JG: Like the Ant and a Grasshopper in your poem?
MS: Yes, that was great fun to do. I was putting forward a discussion, not at a very deep level, but definitely putting points of view from two very different characters. It would be very boring if you just said in a poem ‘Well there are these people who are busy all the time and can’t think of anything except practical matters and there are also airy-fairy people!’
JG: I liked the fact that this poem is a good answer to those who say ‘what is the point of poetry in the world?’As if it has to serve a purpose other than enriching your life.
MS: Yes, and even though the thought was at the back of my mind, it’s not until we come to talk about it that I realise how much I articulated this in the writing. The story is taken from an Aesop fable. It’s a La Fontaine fable too: two insects having an argument, but again the voices meant I could write it from a different slant; it’s not presented as an argument in the fables.
JG: It also means because it’s a conversation you can just put these
characters, and the reader, straight in the middle of a situation, you don’t have to give all of the background at all. It’s another kind of permission to the writer to look at the work differently.

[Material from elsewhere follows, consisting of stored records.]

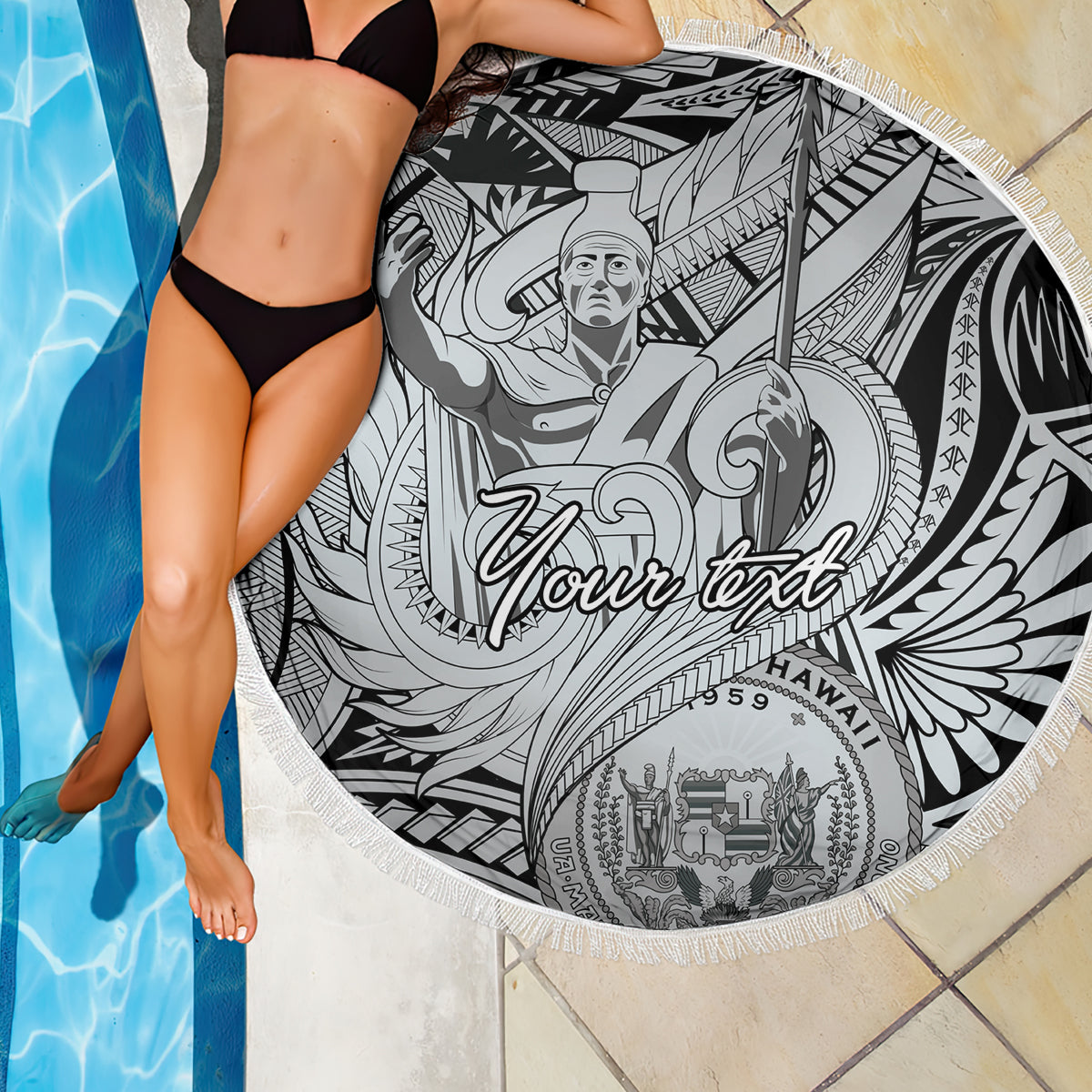 Personalised Aloha King Kamehameha Spirits Beach Blanket Grey Special LT9 - Polynesian Pride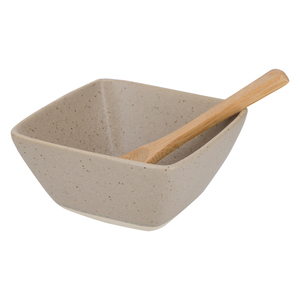 Bowl de cerámica cuadrado con cuchara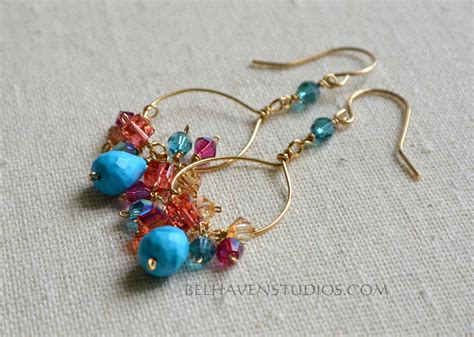 Indian Turquoise Tropical Swarovski Crystals 14k Goldfil Drop Etsy In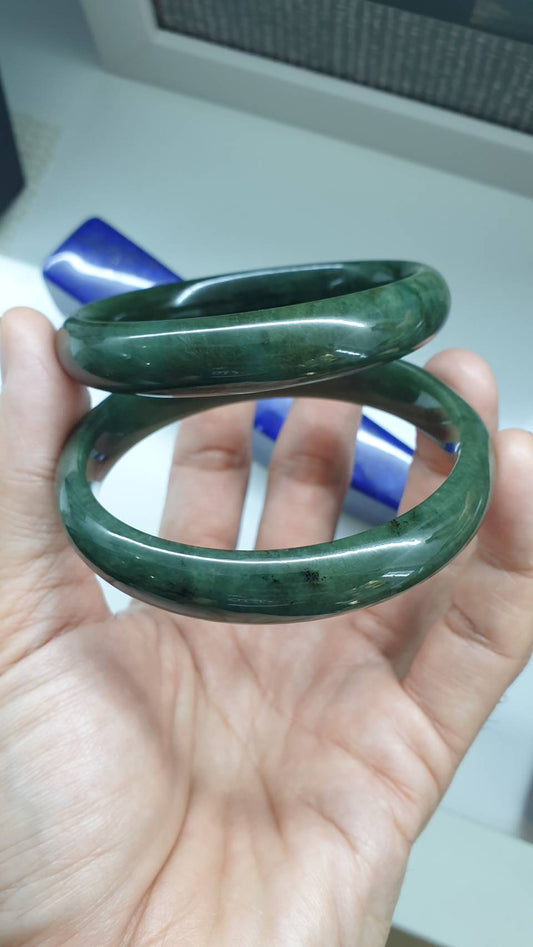 Forest Green Jade Vintage Bangle S58.5 S61 Fei Cui Type A Myanmar Natural Jadeite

MS: Yes, because the dialogue indicates what the characters are
and where they’re going to go.
JG: Do you think this use of voice gives the writer an opportunity to be able to talk about things in a way that she/he might not have thought about?
MS: Yes, take that short poem, ‘The Beanstalk and Jack’. This is told within a narrative but from the point of view of the beanstalk. One can be very adventurous and it can be a release to get right outside one’s own head and not write directly about personal experience. I wrote that poem because I was so angry about genetically modified food and I suddenly had a vision of the beanstalk growing so quickly, that its existence causes havoc to other plants and wildlife. That’s why I wrote it. It was a fun way of
dealing with something I felt very strongly about. I mean, there’s no
point in writing a rant about genetically modified food because
you might as well write a piece of prose or a piece of journalism.
Writing in these voices allowed me a spontaneity, a tone I wouldn’t
have been able to give myself in my own voice.